As leis antiterrorismo subverteram essa lógica – de punir apenas a partir do início da execução – uma vez que não seria possível esperar que o crime ocorresse.
Nos Estados Unidos, há também o que se chama de “flagrante preparado” (sting operation, em inglês). Nessa modalidade, a pessoa é detida durante a preparação de um crime, com a diferença de que tudo é uma encenação. “Isso é comum em casos de pedofilia, em que o policial se passa por uma criança em salas de bate-papo na internet, e em casos de narcotráfico, quando o agente simula ser um usuário interessado em comprar drogas de um traficante”, diz a advogada Fernanda de Almeida Carneiro, também do Castelo Branco Advogados.

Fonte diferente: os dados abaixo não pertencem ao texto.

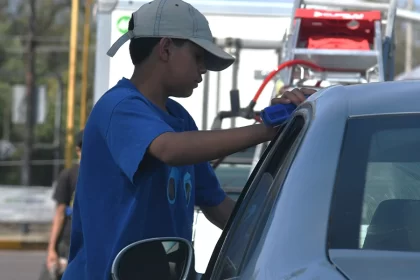 Casi uno de cada 10 menores trabaja en Aguascalientes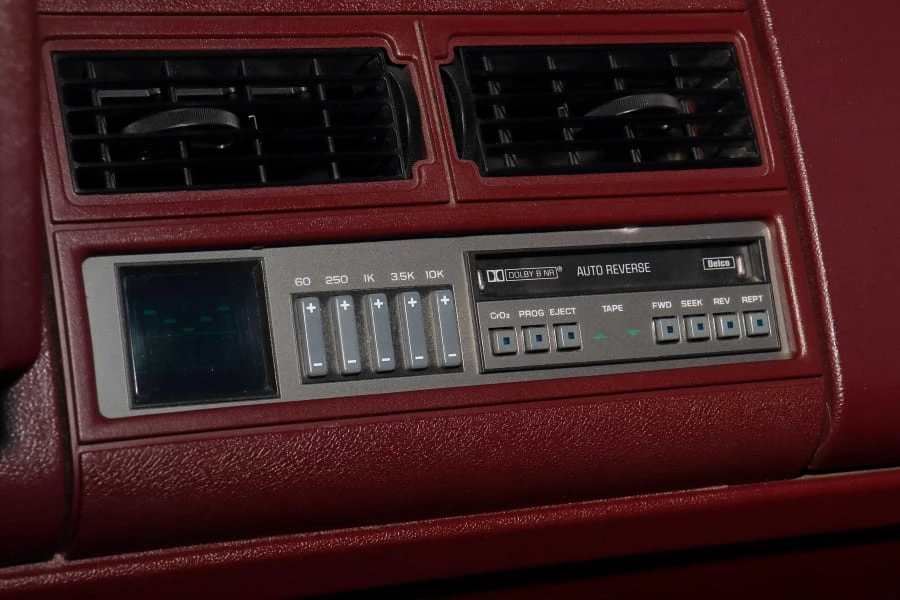 1994 Chevrolet K5 Blazer 3rd Gen - Image 14 of 27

Na internet, integrantes do FBI, a polícia federal americana, falam com jihadistas do Estado Islâmico e planejam com eles ataques terroristas para depois prendê-los. Segundo o The New York Times, duas de cada três condenações contra terroristas islâmicos do EI são feitas por flagrantes preparados.
Os sobrinhos do presidente venezuelano Nicolás Maduro caíram em uma armadilha assim, ao negociar com um integrante da agência de drogas dos Estados Unidos DEA, (Drug Enforcement Administration) o envio de um carregamento de 800 quilos de cocaína.
Esse tipo de coisa não acontece no Brasil porque uma súmula do Supremo Tribunal Federal (STF) impede prisões por flagrante preparado.
Por fim, em Cuba também há casos de pessoas presas antes de cometerem crimes. É o que na lei local se chama de periculosidade pré-delitiva. Lá, qualquer um pode ser preso sem a menor evidência, apenas porque alguém do governo sugeriu que estaria maquinando algo. Na ilha dos irmãos Castro, todo mundo é culpado até que se prove o contrário.